Abstract

Road detection based on convolutional neural networks (CNNs) has achieved remarkable performances for very high resolution (VHR) remote sensing images. However, this approach relies on massive annotated samples, and the problem of limited generalization for unseen images still remains. The manual pixel-level labeling process is also extremely time-consuming, and the performance of CNNs degrades significantly when there is a domain gap between the training and test images. In this paper, to address this problem, a global-local adversarial learning (GOAL) framework is proposed for cross-domain road detection. On the one hand, considering the spatial information similarities between the source and target domains, feature space driven adversarial learning is applied to explore the shared features across domains. On the other hand, the complex background of VHR remote sensing images, such as the occlusions and shadows of trees and buildings, makes some roads easy to recognize, while others are much more difficult. However, the traditional global adversarial learning approach cannot guarantee local semantic consistency. Therefore, a local alignment operation is introduced, which adaptively adjusts the weight of the adversarial loss according to the road recognition difficulty.

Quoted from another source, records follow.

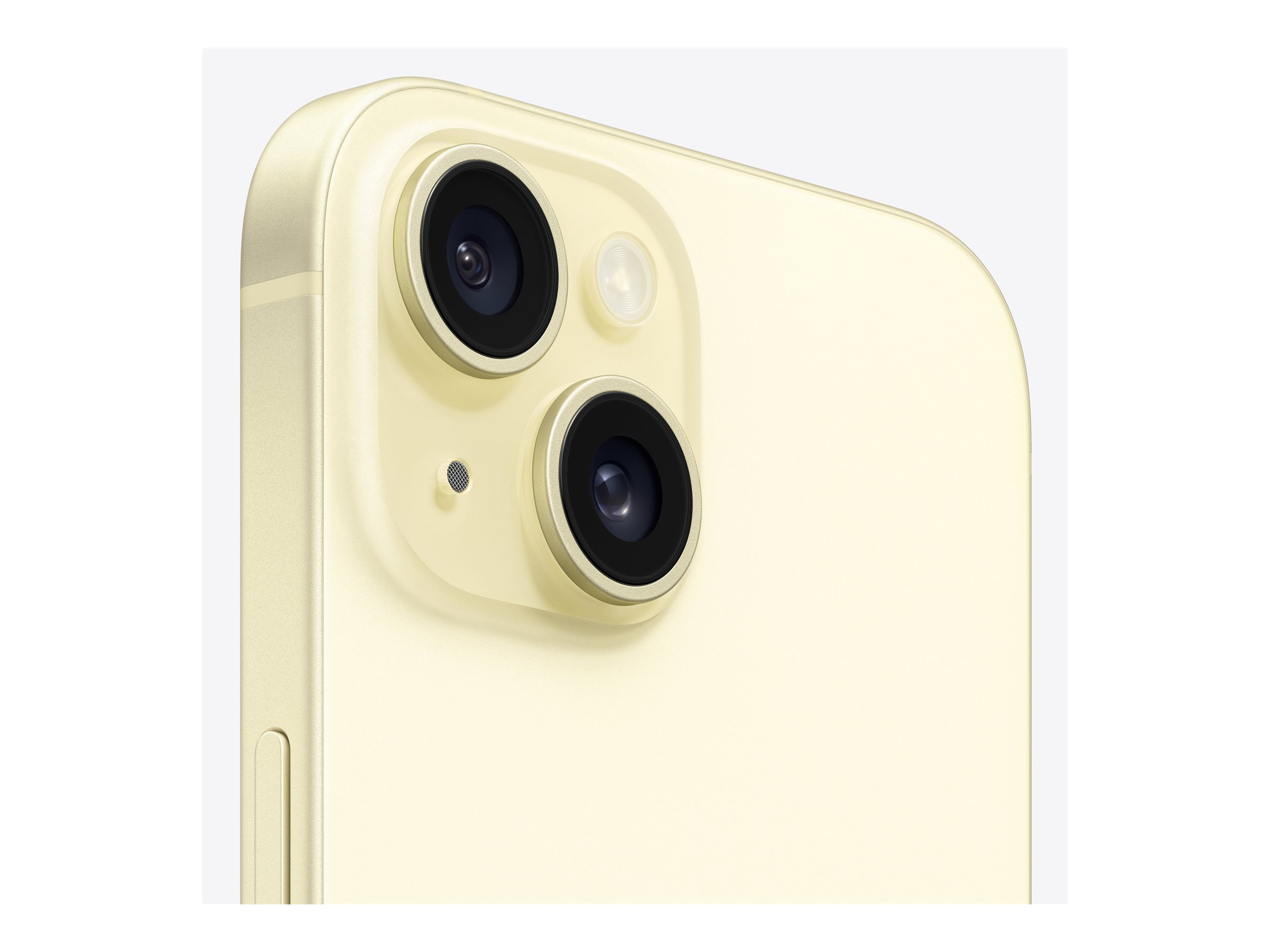 Apple iPhone 15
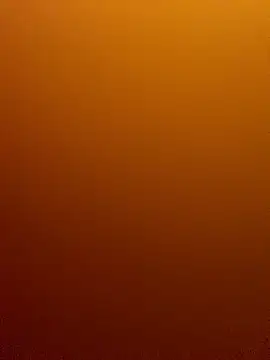 Snapshot of Soursop-op chatting on February 2026 01:28:01 AM Soursop-op online show from February 2026 01:28:01 AM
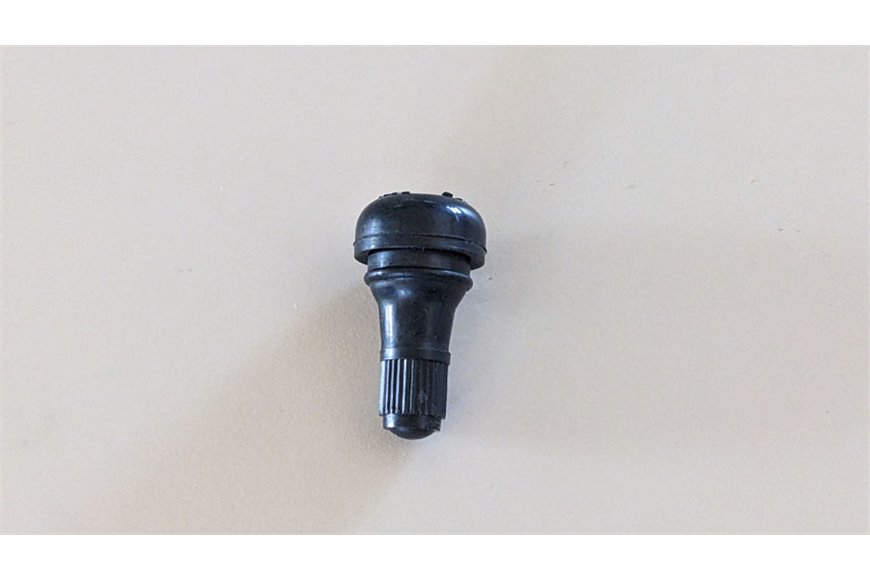 
Pneumatic Valve- Stiga Genuine Part - 125950000/0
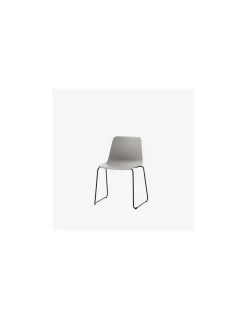 Silla Varya | INCLASS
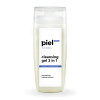 Piel Youth Defense Gel Demaquillant 3in1 Face And Eye Makeup Remover - Гель для снятия макияжа для нормальной и комбинированной кожи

Extensive experiments were conducted on different road datasets, including two public competition road datasets—SpaceNet and DeepGlobe—and our own large-scale annotated images from four cities: Boston, Birmingham, Shanghai, and Wuhan. The experimental results show that the proposed GOAL framework can clearly improve the cross-domain road detection performance, without any annotation of the target domain images. For instance, taking SpaceNet road dataset as the source domain, compared with the no adaptation method, the IOU performance of GOAL framework is increased by 14.36%, 5.49%, 4.51%, 5.63% and 15.14% on DeepGlobe, Boston, Birmingham, Shanghai, and Wuhan images, respectively, which demonstrates its strong generalization capability.